> Task item
Locate each line of the material that contains "Екстериор", then return it.

> Available data
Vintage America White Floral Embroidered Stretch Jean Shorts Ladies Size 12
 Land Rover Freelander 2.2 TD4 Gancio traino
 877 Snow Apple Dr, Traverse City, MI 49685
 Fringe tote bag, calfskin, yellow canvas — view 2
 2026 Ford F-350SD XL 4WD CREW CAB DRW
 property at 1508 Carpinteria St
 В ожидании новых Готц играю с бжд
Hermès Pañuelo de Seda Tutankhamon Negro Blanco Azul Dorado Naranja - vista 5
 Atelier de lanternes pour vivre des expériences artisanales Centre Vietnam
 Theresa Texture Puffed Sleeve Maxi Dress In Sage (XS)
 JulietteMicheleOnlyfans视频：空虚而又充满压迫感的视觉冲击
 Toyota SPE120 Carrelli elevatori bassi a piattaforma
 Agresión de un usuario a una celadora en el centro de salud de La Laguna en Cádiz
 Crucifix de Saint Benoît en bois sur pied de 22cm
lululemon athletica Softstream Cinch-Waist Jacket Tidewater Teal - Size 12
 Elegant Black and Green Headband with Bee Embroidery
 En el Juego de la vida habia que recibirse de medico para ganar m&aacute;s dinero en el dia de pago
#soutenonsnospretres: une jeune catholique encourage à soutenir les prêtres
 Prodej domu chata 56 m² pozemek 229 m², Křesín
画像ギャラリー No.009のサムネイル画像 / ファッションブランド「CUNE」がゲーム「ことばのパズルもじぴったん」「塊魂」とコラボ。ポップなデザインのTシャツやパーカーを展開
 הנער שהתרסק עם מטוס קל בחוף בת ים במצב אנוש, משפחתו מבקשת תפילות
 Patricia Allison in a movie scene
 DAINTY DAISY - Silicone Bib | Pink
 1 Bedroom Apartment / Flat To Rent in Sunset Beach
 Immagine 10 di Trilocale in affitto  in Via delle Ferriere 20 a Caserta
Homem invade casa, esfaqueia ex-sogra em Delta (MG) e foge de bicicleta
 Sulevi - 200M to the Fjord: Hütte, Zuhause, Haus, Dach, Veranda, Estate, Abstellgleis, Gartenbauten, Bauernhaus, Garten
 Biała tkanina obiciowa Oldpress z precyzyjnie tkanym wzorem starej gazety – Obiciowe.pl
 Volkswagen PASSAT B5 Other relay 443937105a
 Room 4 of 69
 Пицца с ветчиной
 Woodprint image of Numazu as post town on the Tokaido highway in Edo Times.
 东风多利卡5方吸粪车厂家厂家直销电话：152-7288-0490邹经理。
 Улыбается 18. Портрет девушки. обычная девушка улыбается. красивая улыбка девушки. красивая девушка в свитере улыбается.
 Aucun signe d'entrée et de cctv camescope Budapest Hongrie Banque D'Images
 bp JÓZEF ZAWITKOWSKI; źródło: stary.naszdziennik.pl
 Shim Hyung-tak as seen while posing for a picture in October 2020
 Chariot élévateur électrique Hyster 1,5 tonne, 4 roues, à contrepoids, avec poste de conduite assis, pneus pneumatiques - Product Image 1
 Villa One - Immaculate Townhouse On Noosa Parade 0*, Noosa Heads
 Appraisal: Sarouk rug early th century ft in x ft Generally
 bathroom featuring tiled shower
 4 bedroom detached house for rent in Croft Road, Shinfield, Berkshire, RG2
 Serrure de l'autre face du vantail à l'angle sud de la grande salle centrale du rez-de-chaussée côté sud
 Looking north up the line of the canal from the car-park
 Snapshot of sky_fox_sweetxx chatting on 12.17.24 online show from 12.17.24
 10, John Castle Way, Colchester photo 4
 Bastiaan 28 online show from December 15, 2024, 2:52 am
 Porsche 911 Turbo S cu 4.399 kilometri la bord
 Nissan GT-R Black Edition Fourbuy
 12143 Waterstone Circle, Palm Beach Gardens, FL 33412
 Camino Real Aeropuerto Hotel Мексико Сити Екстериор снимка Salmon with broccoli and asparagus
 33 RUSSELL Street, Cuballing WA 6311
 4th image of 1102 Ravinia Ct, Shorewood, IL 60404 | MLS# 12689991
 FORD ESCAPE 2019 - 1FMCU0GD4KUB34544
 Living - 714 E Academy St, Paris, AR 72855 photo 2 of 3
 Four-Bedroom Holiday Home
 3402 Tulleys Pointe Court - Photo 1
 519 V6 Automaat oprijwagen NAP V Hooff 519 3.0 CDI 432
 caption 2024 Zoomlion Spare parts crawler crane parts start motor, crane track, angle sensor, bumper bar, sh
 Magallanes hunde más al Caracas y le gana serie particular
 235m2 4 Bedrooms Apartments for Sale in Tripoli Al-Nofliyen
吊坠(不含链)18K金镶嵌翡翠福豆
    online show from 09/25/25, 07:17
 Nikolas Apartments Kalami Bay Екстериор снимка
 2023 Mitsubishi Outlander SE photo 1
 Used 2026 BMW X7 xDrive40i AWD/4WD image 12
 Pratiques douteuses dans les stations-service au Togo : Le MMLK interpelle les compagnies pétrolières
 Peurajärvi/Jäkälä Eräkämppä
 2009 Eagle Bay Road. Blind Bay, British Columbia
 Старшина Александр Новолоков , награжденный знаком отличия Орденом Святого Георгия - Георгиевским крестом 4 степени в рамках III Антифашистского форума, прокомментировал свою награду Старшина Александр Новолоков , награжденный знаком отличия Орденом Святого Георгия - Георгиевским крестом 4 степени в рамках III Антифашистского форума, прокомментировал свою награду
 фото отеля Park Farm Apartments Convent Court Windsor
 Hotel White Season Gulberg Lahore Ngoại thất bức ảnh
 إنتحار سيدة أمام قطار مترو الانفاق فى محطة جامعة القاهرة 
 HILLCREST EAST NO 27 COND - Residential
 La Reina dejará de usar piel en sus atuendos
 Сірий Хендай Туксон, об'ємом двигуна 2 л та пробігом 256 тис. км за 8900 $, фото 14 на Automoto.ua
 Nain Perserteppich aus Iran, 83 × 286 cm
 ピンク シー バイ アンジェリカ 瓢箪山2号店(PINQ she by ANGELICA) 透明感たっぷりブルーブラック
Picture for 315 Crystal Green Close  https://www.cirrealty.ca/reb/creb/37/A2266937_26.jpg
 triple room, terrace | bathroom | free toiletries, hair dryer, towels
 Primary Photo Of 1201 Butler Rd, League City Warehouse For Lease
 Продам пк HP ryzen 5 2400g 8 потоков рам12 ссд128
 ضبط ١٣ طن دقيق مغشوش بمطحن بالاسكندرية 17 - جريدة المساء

> Reply
 Camino Real Aeropuerto Hotel Мексико Сити Екстериор снимка Salmon with broccoli and asparagus
 Nikolas Apartments Kalami Bay Екстериор снимка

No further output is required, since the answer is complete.